*Your objective*.
Could you transcribe exactly the lines from the one containing "BAOJUN YUE ALSO PLUS" through the last line of the records below, leaving out the pictures?

[[ The records open ]]

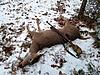 confidence in the rifle you hunt with.....-20181120_065511_resized.jpg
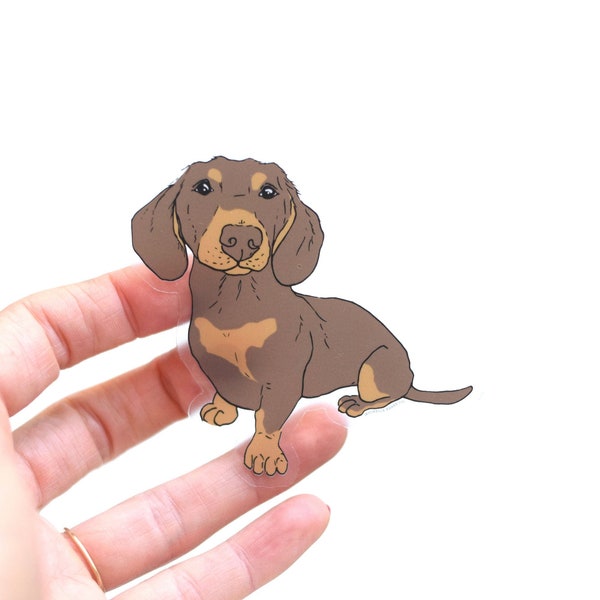 Dachshund Sticker | Clear Vinyl Sticker | Laptop Sticker | Water Bottle Sticker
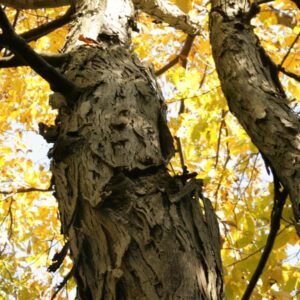 Carya ovata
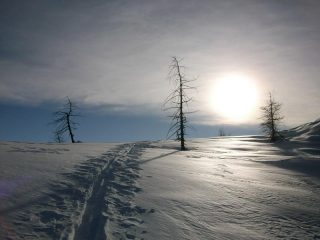 Arrivo sulla dorsale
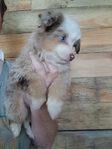 Toy/mini Aussie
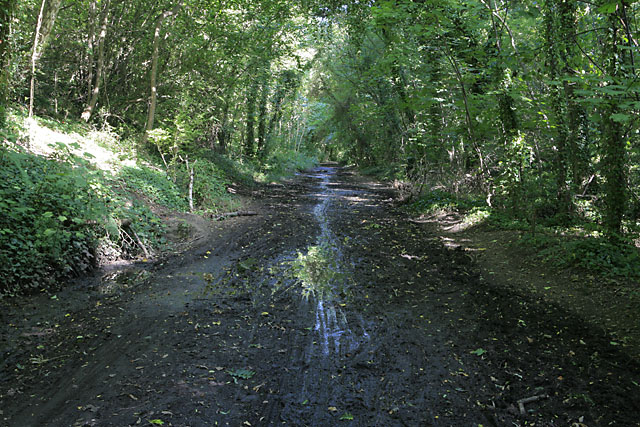 meon valley cycle trail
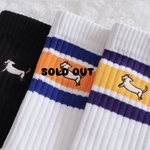 靴下(チワックス)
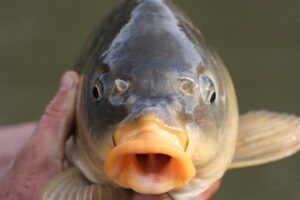 Carp fear ‘foolish’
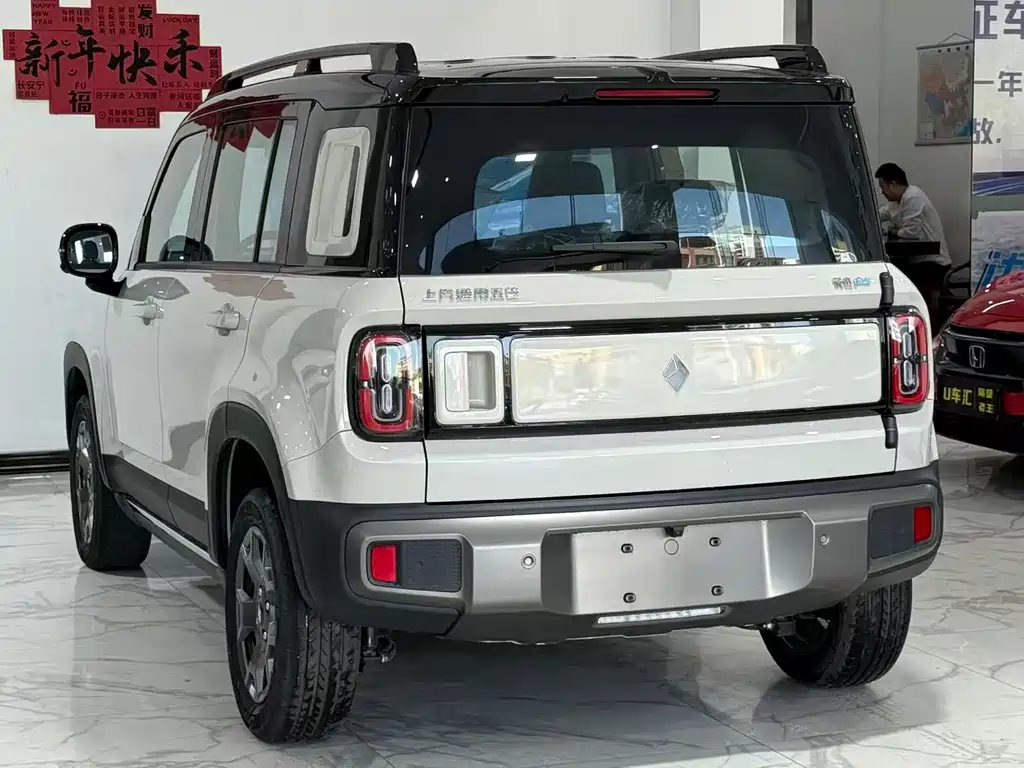 BAOJUN YUE ALSO PLUS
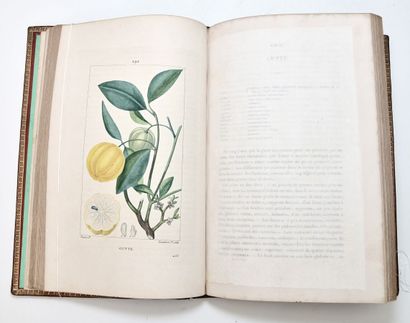 Signed by General Bernadotte
CHAUMETON (François...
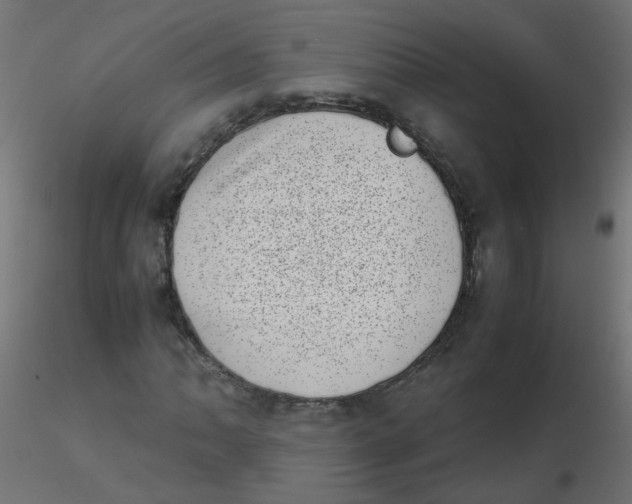 X0000116601062200912312052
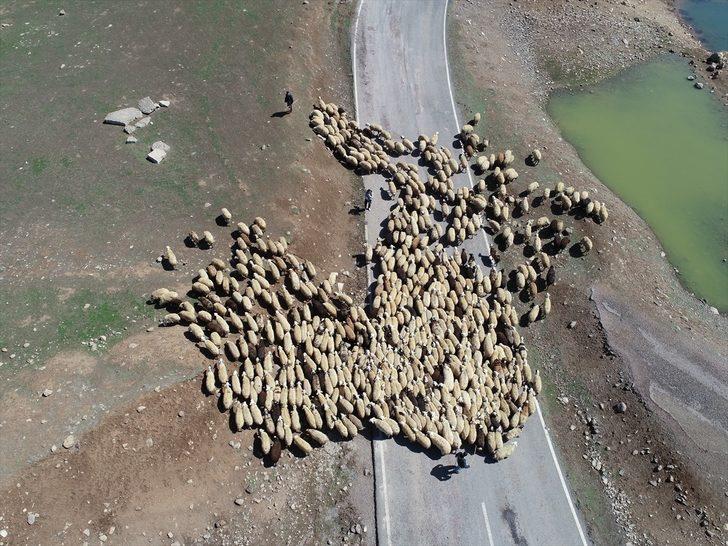 Bingöl yaylaları ömürleri hayvanlarının peşinde geçen göçerleri ağırlıyor G4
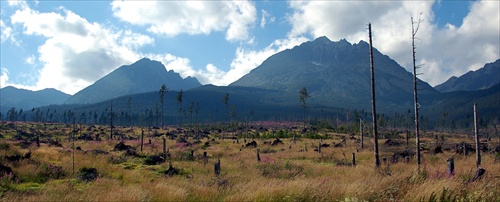 Tatry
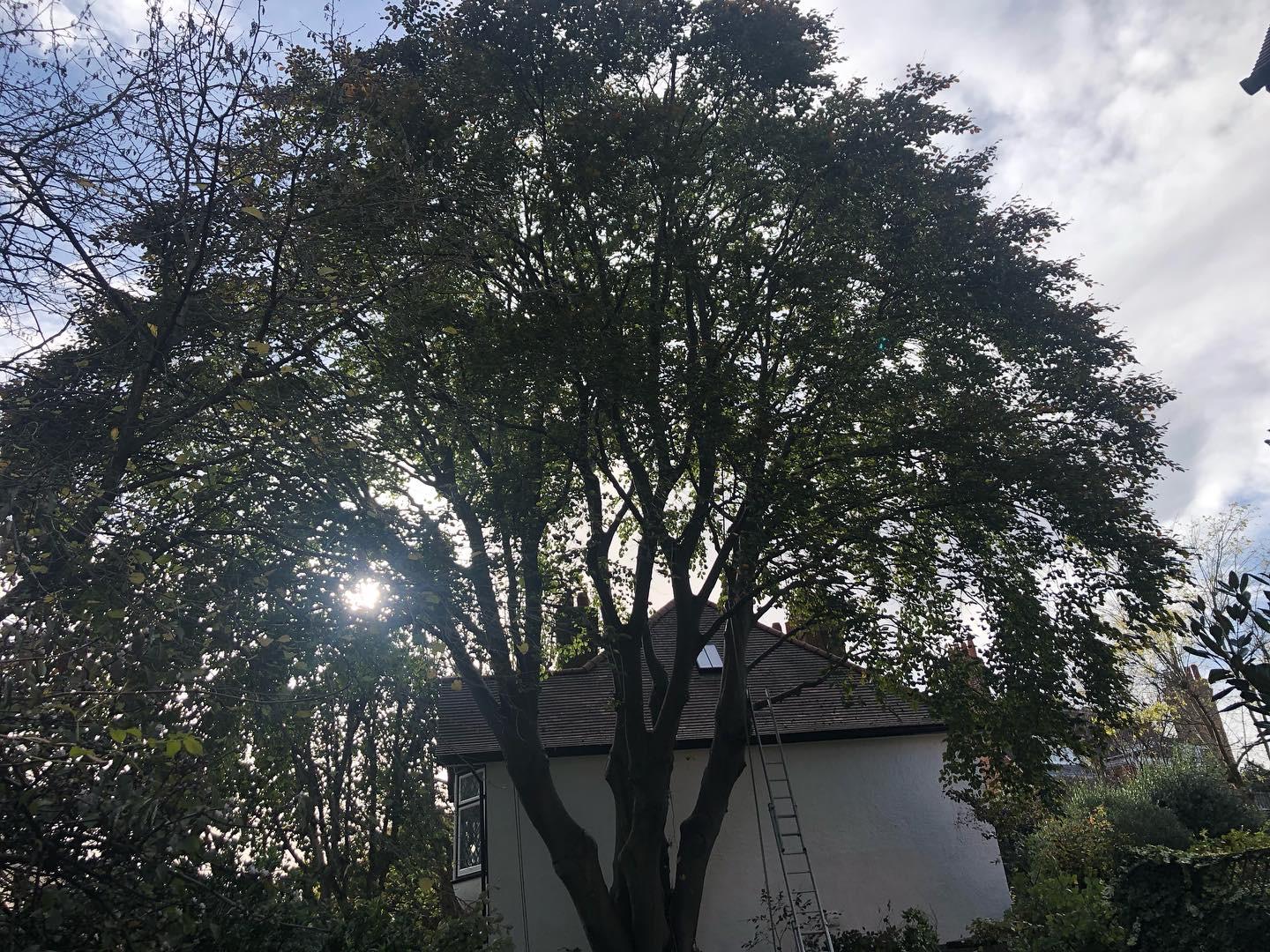 Copper beech after a 15 percent crown thin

[[ The records closed ]]

*Written answer*.
 BAOJUN YUE ALSO PLUS
 Signed by General Bernadotte
CHAUMETON (François...
 X0000116601062200912312052
 Bingöl yaylaları ömürleri hayvanlarının peşinde geçen göçerleri ağırlıyor G4
 Tatry
 Copper beech after a 15 percent crown thin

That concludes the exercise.